[MRG+2] Fix trustworthiness custom metric #9775

wdevazelhes · 2017-09-15T08:31:41Z

Reference Issue

Fixes #9736

What does this implement/fix? Explain your changes.

It changes the way to specify a precomputed metric into a more standard way: metric='precomputed' instead of a flag precomputed=False/True.
In the meantime it allows to use a custom metric for the input space
However, it warns the user if they want to use another metric than euclidean and precomputed, since this is not standard.
If the specified metric is 'euclidean', it keeps the 'squared' parameter in pairwise_distances from the original code.
It adds a deprecation warning for the users who will still use the previous flag 'precomputed'

…-learn#9736

massich

Thanks for the PR.

massich · 2017-09-15T08:57:29Z

sklearn/manifold/t_sne.py

    Returns
    -------
    trustworthiness : float
        Trustworthiness of the low-dimensional embedding.
    """
    if precomputed:
+        warnings.warn("The flag 'precomputed' has been deprecated in version"

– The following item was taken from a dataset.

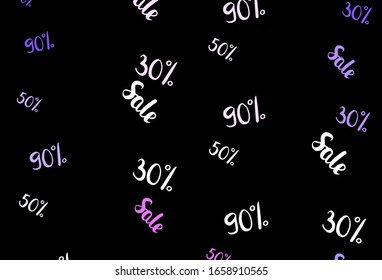 Dark Purple, Pink vector layout with discount of 30, 50, 90%. Colored words of sales with gradient on white background. Pattern for ads, posters, banners of sales.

Check scikit-learn contributing guide to see howto deprecate ~~the precomputed attribute using a decorator.~~

and precomputed is not an attribute but a parameter. (my bad. sorry)

massich · 2017-09-15T09:12:14Z

Can you add a test ?
You can use test_grid_search_fit_params_deprecation() as example (see here)

- Correct typos in output messages

jnothman

Also, please add an entry to doc/whats_new

jnothman · 2017-09-18T08:44:35Z

sklearn/manifold/t_sne.py

+    metric : string, or callable, optional, default 'euclidean'
+        Which metric to use for computing pairwise distances between samples
+        from the original input space. If metric is 'precomputed', X must be a
+        matrix of pairwise distances. Otherwise, see the documentation of


Can you say "pairwise distances or squared distances" (either will work as this function only uses their rank, not their value).

jnothman · 2017-09-18T08:48:23Z

sklearn/manifold/tests/test_t_sne.py

+    # If a 'metric' different from 'precomputed' is specified, but the flag
+    # 'precomputed' is set to True, the flag overwrites the parameter 'metric'
+    # and so the 'precomputed' metric will be used. Indeed, in
+    # http://scikit-learn.org/stable/developers/contributing.html#deprecation,


I don't think we need this reminder... But yes, this is the what we tend to do.

jnothman · 2017-09-18T08:48:43Z

sklearn/manifold/tests/test_t_sne.py

+    # and so the 'precomputed' metric will be used. Indeed, in
+    # http://scikit-learn.org/stable/developers/contributing.html#deprecation,
+    # the old parameter overwrites the new parameter.
+    assert_raises(Exception, assert_warns, DeprecationWarning,


Usually we would not test for raising something as broad as Exception. Indeed, usually we'd check for a particular error message.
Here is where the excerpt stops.